Usually, media coverage comparisons of Newt Gingrich and Nancy Pelosi take place across about twelve years, from Gingrich's rise in 1995 to Pelosi's new job in 2007. But Friday's Washington Post makes it all contemporary on the front page of the Style section. At the top, Jose Antonio Vargas whacked Gingrich as he apologized in a YouTube video for his recent remarks "equating bilingual education with 'the language of living in a ghetto.'"

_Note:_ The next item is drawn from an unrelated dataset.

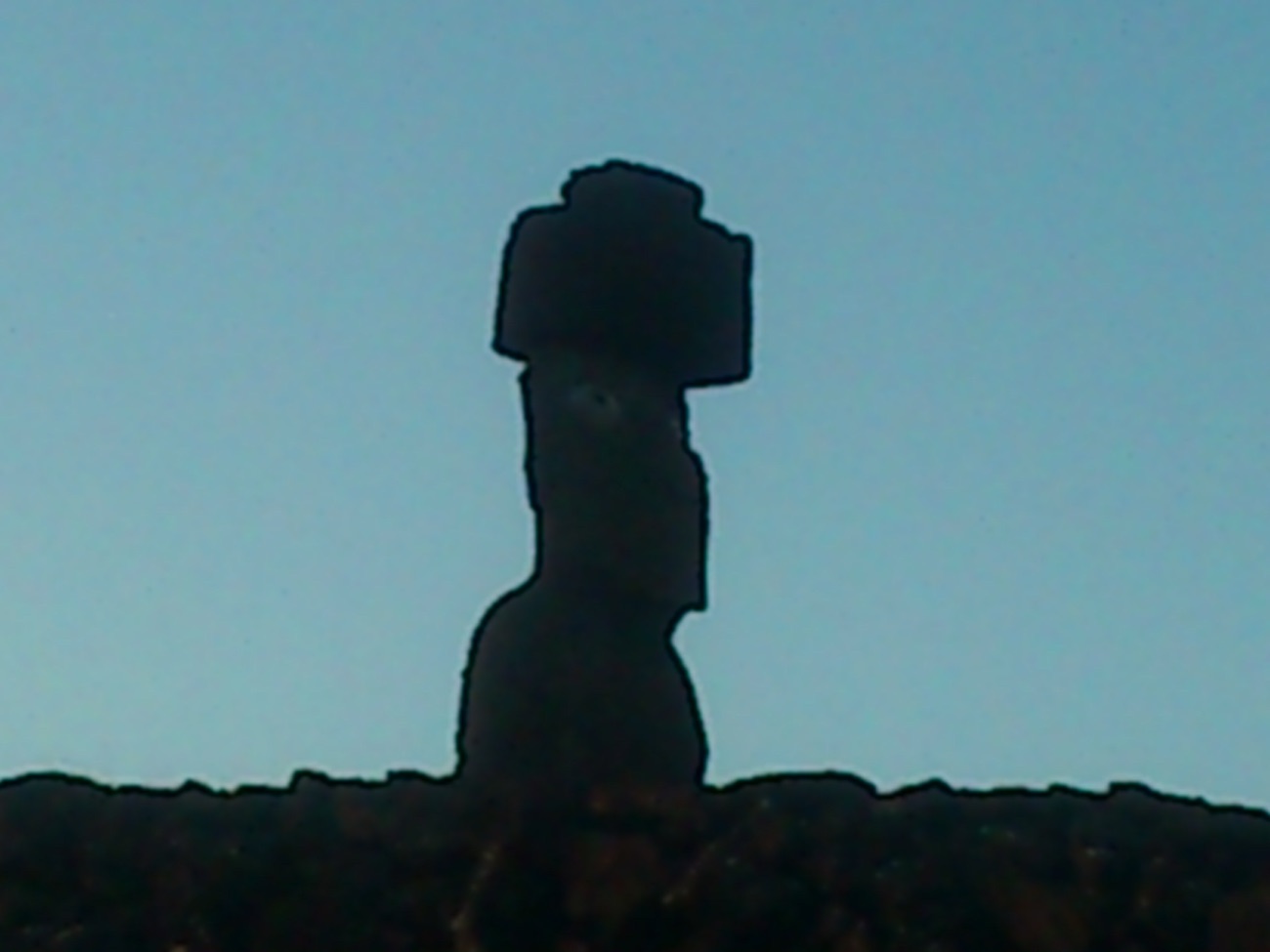 A single restored moai with a red cylindrical topknot and white inlaid eyes, standing against the sky.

At the bottom of the page came the latest in a series of print high-fives for Pelosi from Post fashion critic Robin Givhan, who insisted the scarves Pelosi used to cover her hair in Syria were fabulous. Over a large photo of Pelosi with head scarf, the headline read "Nancy Pelosi, Respectfully Maintaining Her Own Image."

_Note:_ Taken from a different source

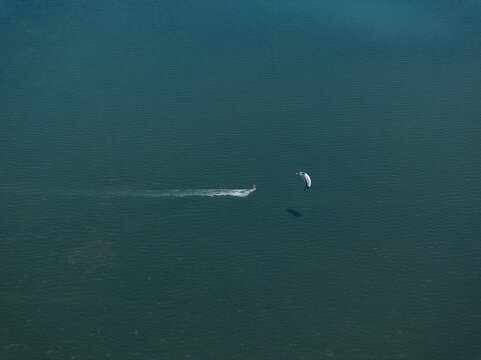 Aerial view of a kiter into the sea in Sicily, Italy.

The Vargas piece on Gingrich was loaded with angry Latinos in favor of bilingual education. Vargas mocked Gingrich's grasp of Spanish: "(However: Memorando al Señor Gingrich: In Spanish, the "r" is rolled and the syl-la-bles are se-pa-ra-ted.)" He added: "As of yesterday afternoon, Gingrich's YouTube apology, the Spanish version, had been watched more than 34,000 times on the video-sharing site. Comments kept coming in, some viewers sympathetic to Gingrich, many not, others simply LOLing -- laughing out loud." Only one website commenter was quoted supporting Gingrich's stand on bilingualism.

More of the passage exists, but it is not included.